Quand les quatre coupoles ont été fermées, avec une estompe de lumière venant de la lumière zodiacale, à l'est, j'ai senti que l'observatoire s'assoupissait, et, après une nuit blanche, j'ai commencé à fatiguer, aussi. Dilemme. Laisser l'appareil photo continuer son travail tout seul, jusqu'au petit matin, l'abandonner là-haut et descendre à la « Residencia » m'offrir un gargatuesque petit déjeuner et dormir ? Rester ici jusqu'au lever du jour ? J'ai hésité, les étoiles palissaient, Orion s'éclipsait, les deux Nuages de Magellan s'estompaient ; vers l'est, la lumière zodiacale se perdait dans l'annonce du Soleil levant. Je suis resté, il faisait froid, mais un je ne sais quoi dans la pureté de l'atmosphère m'a retenu. Pendant que derrière moi l'appareil « bip bip bip... clic ! », « clac » égrenait le temps qui passe et cueillait les photons, je regardais poindre l'aube sur le désert.
Plus la lumière s'affirmait, plus j'étais émerveillé. Je n'avais jamais connu une nuit aussi pure, ici. A l'horizon, du nord est au sud est, c'est à dire sur près de quatre cent kilomètres, les volcans des Andes s'alignaient, depuis le San Pedro et le San Pablo, au nord, jusqu'au Socompa et au Llullaillaco, au sud. Un spectacle rare, extraordinaire. Fasciné par ce chapelet de pyramides noires, projetées sur le fond de l'aube, je n'avais pas pensé au lever de Soleil à venir. Je suppose que vous êtes comme moi, pleins d'entrain au coucher du Soleil, et lessivés quand il se lève. Cela paraît normal, après une nuit blanche... Du coup, je ne sais pas si c'est pareil pour vous, mais je dois bien reconnaître avoir contemplé nombre de rayons verts le soir... mais quasiment aucun le matin... C'est dommage. Comme vous le savez, le soir, l'observation du rayon vert est gênée par l'éclat du Soleil couchant. Le matin, non, à condition de savoir où le Soleil va se lever...
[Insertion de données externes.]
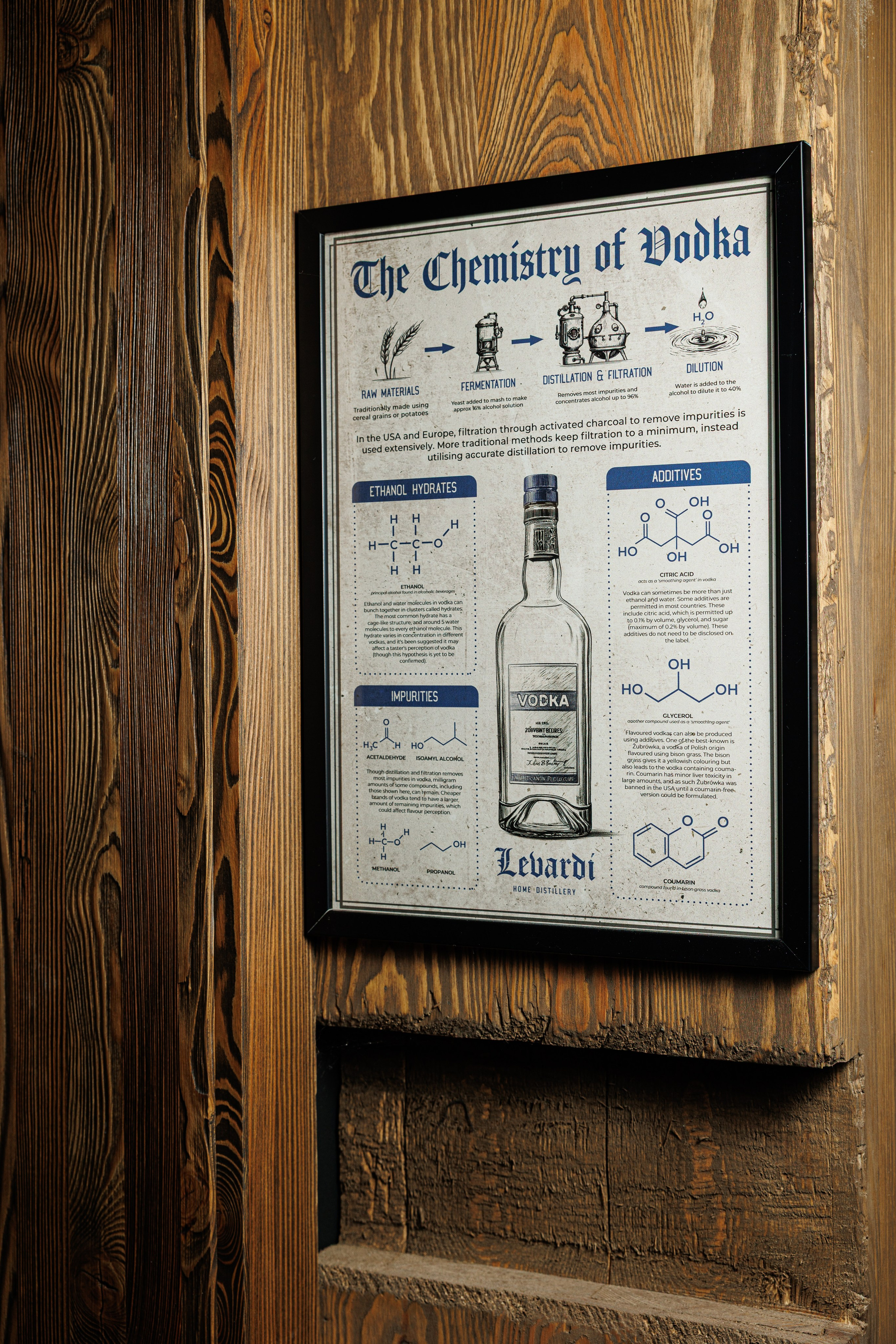 LEVARDI. Репортажный фотограф Ольга Кочетова в Москве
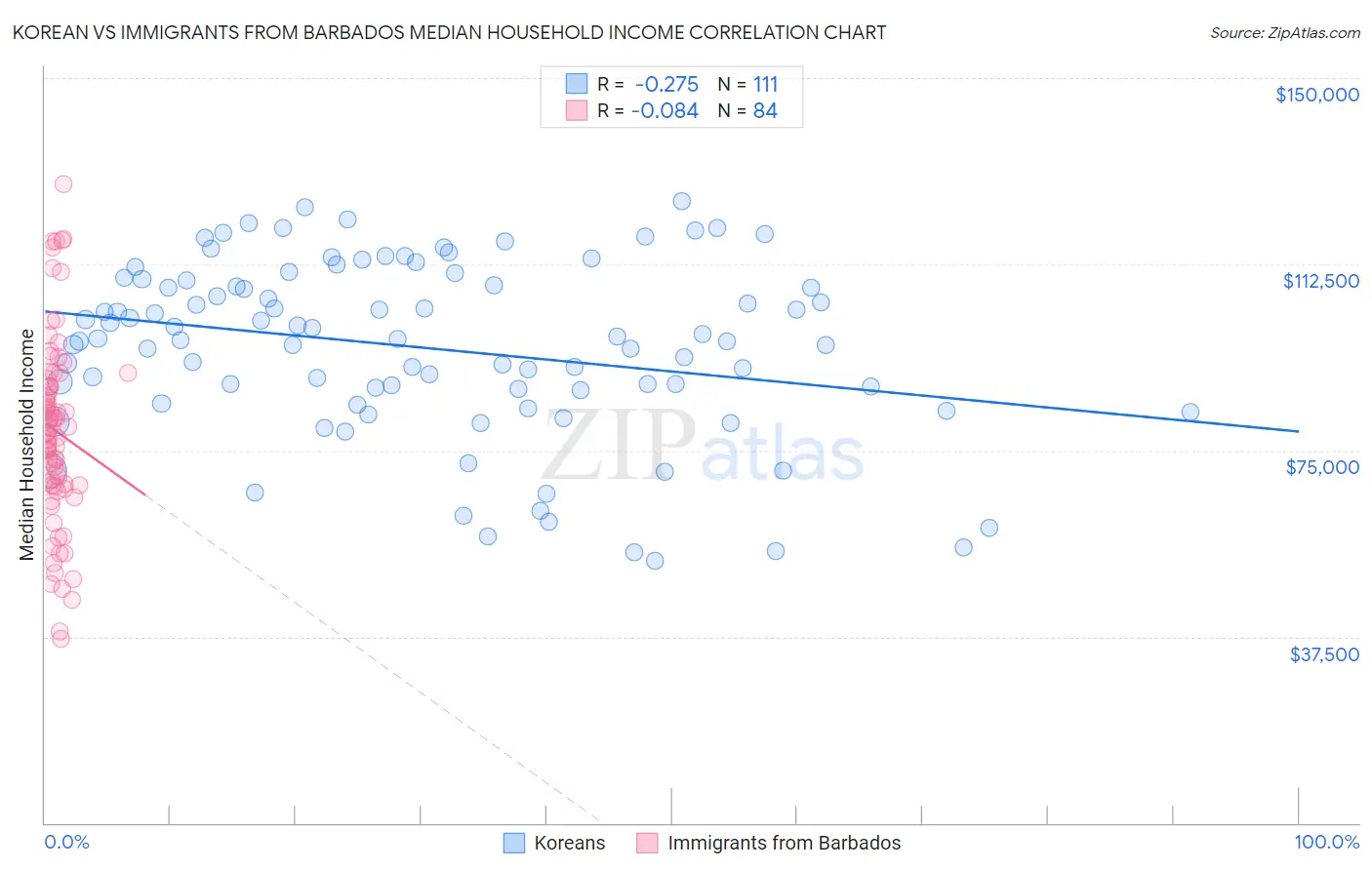 Korean vs Immigrants from Barbados Median Household Income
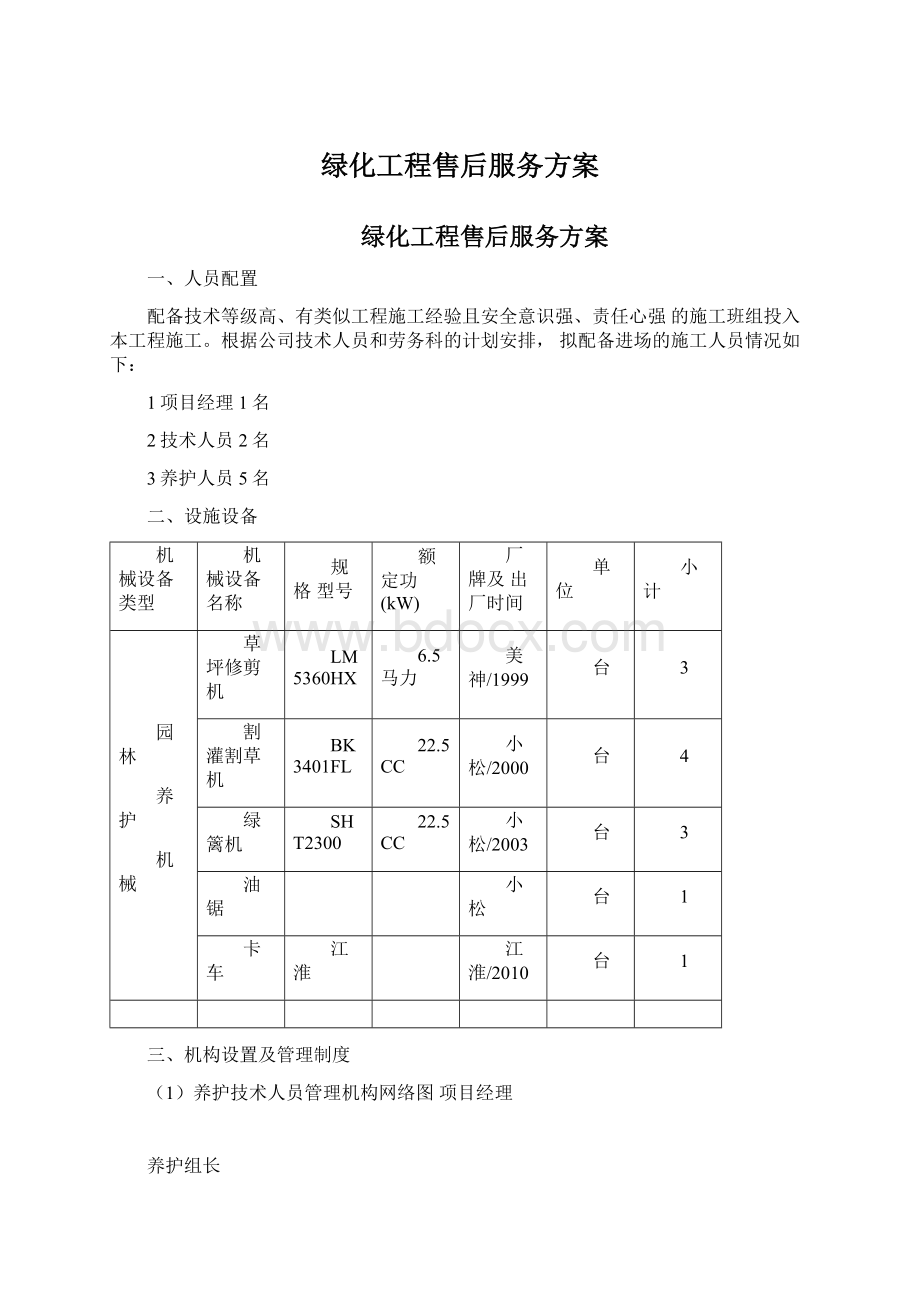 绿化工程售后服务方案.docx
Ce matin là, en Atacama, c'était impossible, l'atmosphère était d'une telle pureté, coronale, que l'horizon est semblait uniformément éclairé, je n'arrivais pas à prévoir où le Soleil allait apparaître...
Et puis il s'est passé quelque chose de féérique, que je n'oublierais jamais. Il faisait presque grand jour, le ciel était d'un bleu insolent au dessus des coupoles endormies, à l'horizon, les volcans, d'un noir d'encre, n'avaient pas bougé... sauf le Llullaillaco. Ce sommet sublime de 6740 m d'altitude, où se trouve le plus haut temple du monde et où l'on retrouva jadis des enfants Incas endormis pour l'éternité, momifiés, gelés, fait figure de totem en Atacama. Au loin, souvent, on repère sa pyramide perpétuellement enneigée, mirage incongru lorsqu'au coeur de l'été, il fait 40 degrés... Eh bien, ce matin là, le Llullaillaco, s'est progressivement enveloppé d'une sorte d'aura lumineuse dont j'ai mis un moment à comprendre l'origine... Le Soleil se levait sur le Llullaillaco, ce que je voyais, à contre jour, c'était la diffusion de la lumière sur ses neiges, dans son atmosphère ; le vent, comme souvent dans les Andes, devait souffler si fort là-haut...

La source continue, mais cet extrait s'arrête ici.